A MongoDB cluster is composed of two types of data-bearing members: 

Primary: The primary is the master node and receives all write operations. 

Secondaries: The secondaries receive replicated data from the primary to maintain an identical data set. 

By default, the primary member handles all reads and writes. Optionally, a MongoDB client can route some or all reads to the secondary members. Writes must be sent to the primary. 

If the primary member fails, all writes are suspended until a new primary is selected from one of the secondary members. According to the MongoDB documentation, this process requires up to 12 seconds to complete. 

To increase availability, a cluster can be distributed across geographically distinct data centers. The maximum size of a MongoDB replicaset is 50 members. 

A MongoDB cluster.

A Cassandra cluster is a collection of instances, called nodes, connected in a peer-to-peer “share nothing” distributed architecture.

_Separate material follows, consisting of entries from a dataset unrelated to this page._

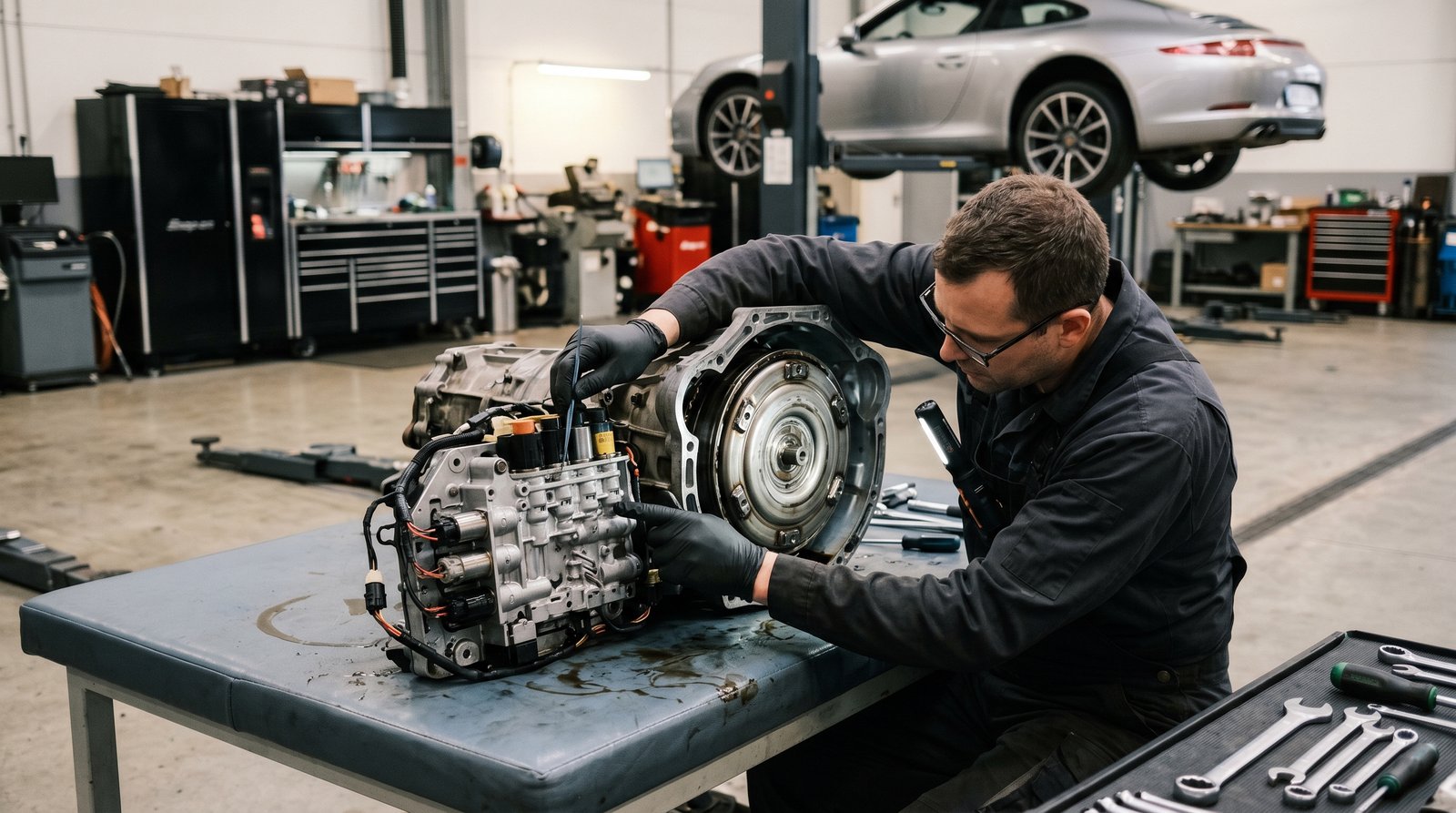 When to Stop Driving and Ask About Towing for the A960 transmission for A960 transmission Diagnosis and Repair Decisions Near Joliet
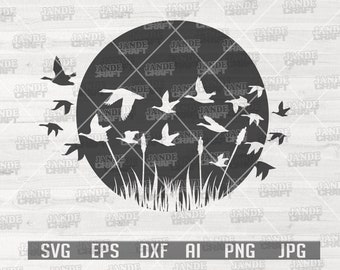 Patos em SVG | Pato Voando em SVG | Patos Voando em SVG | Caça de Patos em SVG | Estêncil de Pato | Clipart de Pato | Arquivo de Corte de Pato | Pato em PNG | Arquivo de Corte de Pato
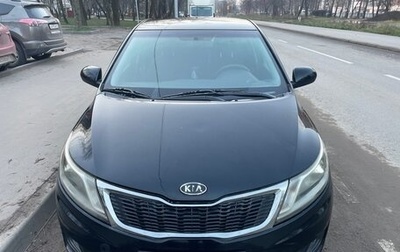 KIA Rio III рестайлинг, 2013 год, 1 000 000 рублей, 1 фотография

There is no master node and every node can perform all database operations and each can serve client requests. Data is partitioned across nodes based on a consistent hash of its partitioning key. A partition has one or many rows and each node may have one or more partitions. However, a partition can reside only on one node.  

Data has a replication factor that determines the number of copies (replicas) that should be made. The replicas are automatically stored on different nodes. 

The node that first receives a request from a client is the coordinator. It is the job of the coordinator to forward the request to the nodes holding the data for that request and to send the results back to the coordinator. Any node in the cluster can act as a coordinator. 

The CAP Theorem With Apache Cassandra and MongoDB4.png (2)
Cassandra cluster showing coordinator.